Rapolla, due figli e un papà morti in pochi giorni

A scatenare il contagio in famiglia la morte a marzo di Marco Larotonda, 26 anni, stroncato da una grave forma di fibrosi cistica. Il giovane si trovava a Parma durante le fasi iniziali dell’emergenza coronavirus. Giuseppe e la sorella erano andati in Emilia per recuperare il corpo del giovane. Durante il viaggio, però, hanno contratto il virus. Al loro rientro a casa hanno contagiato anche il padre.

Un effetto a catena senza precedenti. Pino, il 38enne, ha cominciato a sentirsi male. Immediatamente è scattato il ricovero all’ospedale San Carlo di Potenza. Purtroppo dopo alcuni giorni, le sue condizioni si sono aggravate e il primo aprile è spirato. Successivamente è toccato al papà di Pino e Marco, ricoverato nello stesso nosocomio in cui è morto Pino. Ieri è venuto a mancare anche Paolo Larotonda. Il suo decesso ha gettato nello sconforto gli altri familiari.
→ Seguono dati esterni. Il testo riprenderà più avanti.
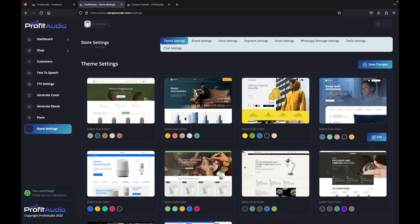As you've just seen, the whole process is really simple. Check out Profit Audio right now, and I can't wait to see you inside.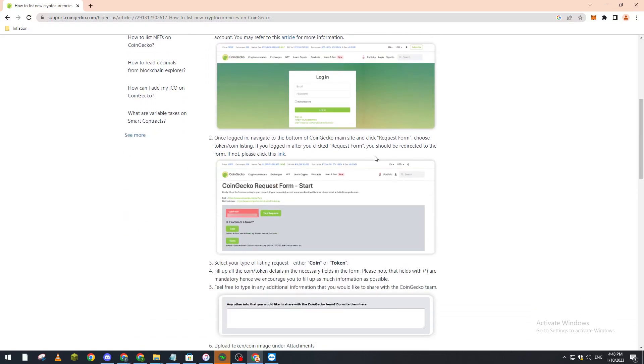will have the CoinGecko request form start. Here you will have to select the type of listing request—is it a coin or token—then fill up all the coin/token details in the necessary fields in the form and make sure that the fields with this symbol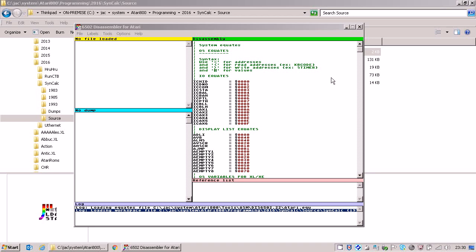Welcome to part 2 of the tutorial on how to use DISC-6502 with the example of SynCalc. Just a short recap of what we did last time.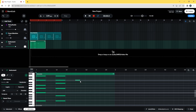Then I'm going to add an E4, a C4, a C4, a C4, a C4, and an A3.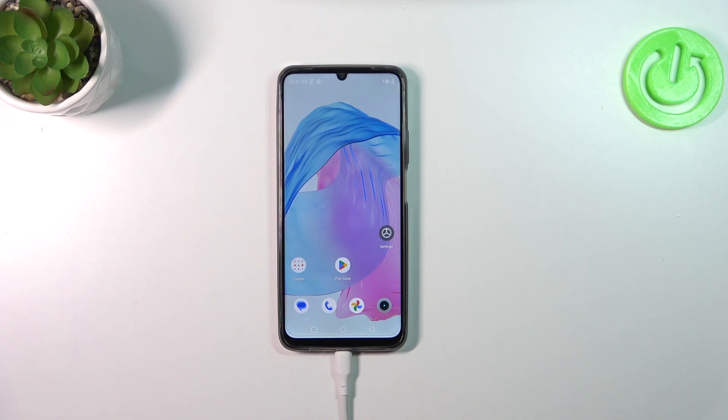Hi everyone, in front of me I've got the Realme C51 and let me share with you how to change the system language on this device.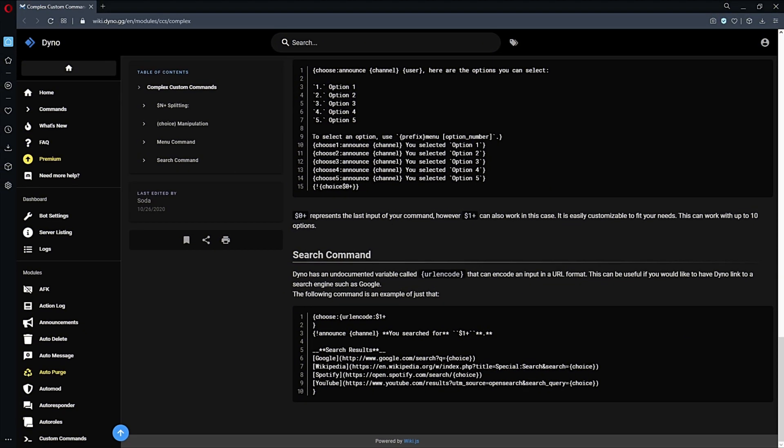Okay, so welcome to How to Dyno. In this video I'm going to show you how to create a search command. This command will return results from Bing, Google, and DuckDuckGo. The only downside is that the results aren't going to be displayed within the embed. Instead, it's going to link you to the search page, and there you can see the results as if you typed it in the search bar yourself.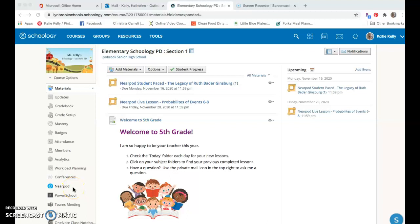If you are a Nearpod user, you can quickly and easily add Nearpod lessons that you have saved in your library directly into your Schoology course. Your district Nearpod account will integrate directly into Schoology using your Office 365 username and password.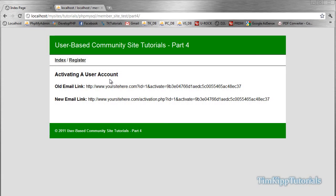Hey guys, Tim here with TimKipTutorials.com and welcome to part 4 of our user-based community site tutorial series. In part 4, we're going to be activating a user account.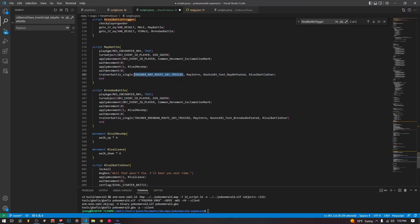This trainer battle uses 'trainer battle single' with the trainer ID for May with Treecko — the trainer if you chose Treecko. Now if you want nine different starter setups with gender as well, that's 18 different trainer battles. You might not want to set up 18 different trainer battles for every rival encounter — that's a lot of trainers and a lot of space. If you do want to, you can set up a series of conditional statements, but I'd recommend having just three different trainer teams max for all nine starters.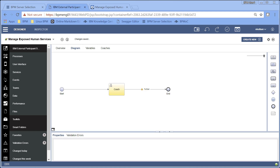Hi folks and welcome to another BPM technical tutorial. Every now and again I come across little nuggets, little fragments of usage of BPM where I go 'oh, that's good' and I want to take a few moments and share those with you.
Sotto choc la comunità di Rapolla. Pino era uno sportivo e non aveva patologie pregresse,. Da appena due mesi era diventato padre di una bambina e ora in molti lo ricordano non solo come vigile urbano, ma anche come un grande appassionato di politica: qualche tempo fa, infatti, aveva annunciato l’intenzione di candidarsi a segretario regionale del Pd.